It’s time for me to answer your questions! This one comes to us from Crisi Ellsworth of California: “Can you please explain to me why are chiropractors bad for EDS?”
MM: To the best of my knowledge, it’s not that we should avoid chiropractic work entirely, it’s that we should not regularly have our joints manually (aka roughly) adjusted. Some Chiros see adjusting the alignment of our bones as the solution to our problems, and every once in a while, it is. However, as hypermobile people, our bones will snap back from the adjustment, and then fall out again easily. Remember: the reason why we have pain is not because of our ligament/tendon issue: it’s because our muscles and soft tissues are desperately trying to keep up with the bones, which have fallen out because the ligament/tendon doesn’t hold them well. The muscles get overworked with all of this back and forth, and they are often unhappy anyway, because they have been overworking trying to provide the stability that the connective tissue can’t. My chiropractor, Dr. John Michie, sees me as having a muscle problem, not a bone problem. Our joints become out of place because the muscle is too weak or tense and that will either pull it out or let it fall out. Without addressing the muscle issue, you won’t fix the joint problem. Dr Michie says that after 20+ years of experience, he is learning that almost all chiropractic issues in people are soft tissue issues, not bone/joint. Also, my wonderful Physical Therapist, doesn’t “adjust” misalignments: she helps me reset bones ACTIVELY by using an isometric exercise, as opposed to PASSIVELY getting an adjustment. Occasionally, a passive technique is necessary to help me fix a joint, and Dr. Michie has used the activator on me only when he couldn’t do something else, or when providing trigger point therapy is not enough. (Activators are safe, but I used to get that kind of adjustment every week by another practice, and would fall apart by the time I hit the door to leave…)

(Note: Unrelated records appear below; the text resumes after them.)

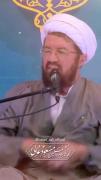 امروز حمله ی اصلی دشمن متوجه زنان است!!! 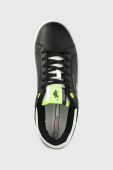 Кросівки U.S. Polo Assn. ROKKO колір чорний ROKKO001M/3Y2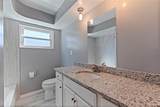 1013 55TH Terrace - Photo 25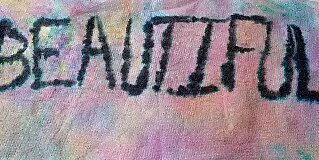 JazzlynFord's profile banner image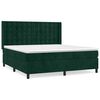 Dark_green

Crisi: I don’t understand the activator itself. How does a little click make you realign?
MM: There have been numerous studies on this method. I know it works on collagen-normal people, because I have heard first hand how much better they feel afterwards, and we the collagen-challenged are so moveable, it doesn’t take much to jostle us in and out of place. But you should do a strengthening exercise right then to keep the bone in place, or the adjustment won’t hold. The bottom line is, you need to work with a chiropractor who understands hypermobility. They should be doing 90% soft tissue work on you. If you are trying to find one, I would interview the person before you have them work on you to see who is a good fit, or who is willing to evolve their practice by learning from the information you are giving them about your unique needs.